_Provided data:_
□ □ □ □
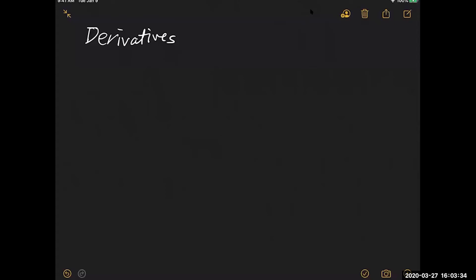There are lots of things to talk about in financial engineering, but the most basic building blocks for all financial derivatives are actually two. One is called a Forward, and the other one is called Options.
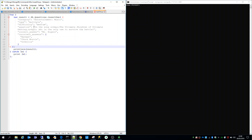We've got a question with a correct answer and then a list of incorrect answers. We've also got the difficulty, the type, and the category of the question. So let's save this script — in the console we are already connected to the primary database.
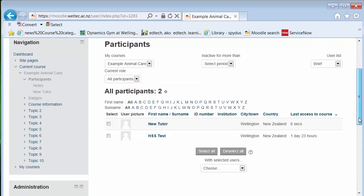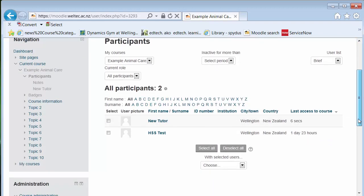This will show the names and photos of people in your course. Note this also shows the last time the course was accessed by the students.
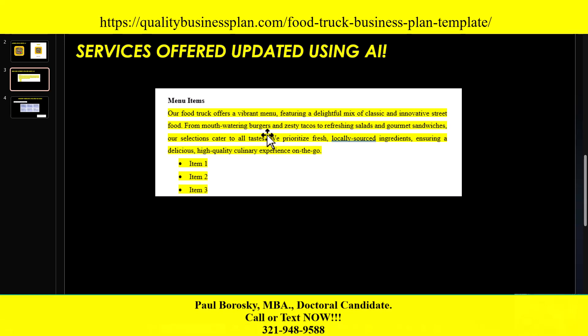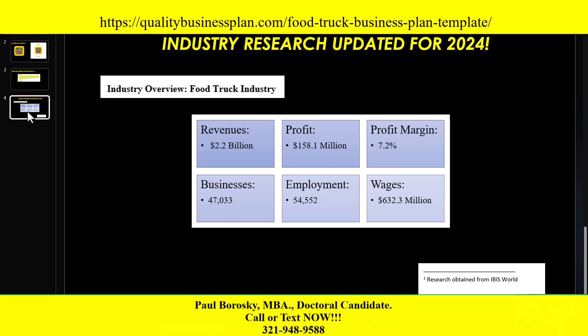The final item I updated for the food truck business plan template for 2024 is the industry research. Industry research is a critical component of any business plan, especially for the food truck industry. I went to IBISWorld, used their food truck industry report, extrapolated the important information, and summarized it. The updates include revenues, profits, typical profit margins, number of businesses, number of employees, and wages paid for the industry — all up to date for 2024.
□ □ □ □
_What is needed:_
All that is needed is the data above, repeated exactly, without the pictures.

_Result below:_
There are lots of things to talk about in financial engineering, but the most basic building blocks for all financial derivatives are actually two. One is called a Forward, and the other one is called Options.
We've got a question with a correct answer and then a list of incorrect answers. We've also got the difficulty, the type, and the category of the question. So let's save this script — in the console we are already connected to the primary database.
This will show the names and photos of people in your course. Note this also shows the last time the course was accessed by the students.
The final item I updated for the food truck business plan template for 2024 is the industry research. Industry research is a critical component of any business plan, especially for the food truck industry. I went to IBISWorld, used their food truck industry report, extrapolated the important information, and summarized it. The updates include revenues, profits, typical profit margins, number of businesses, number of employees, and wages paid for the industry — all up to date for 2024.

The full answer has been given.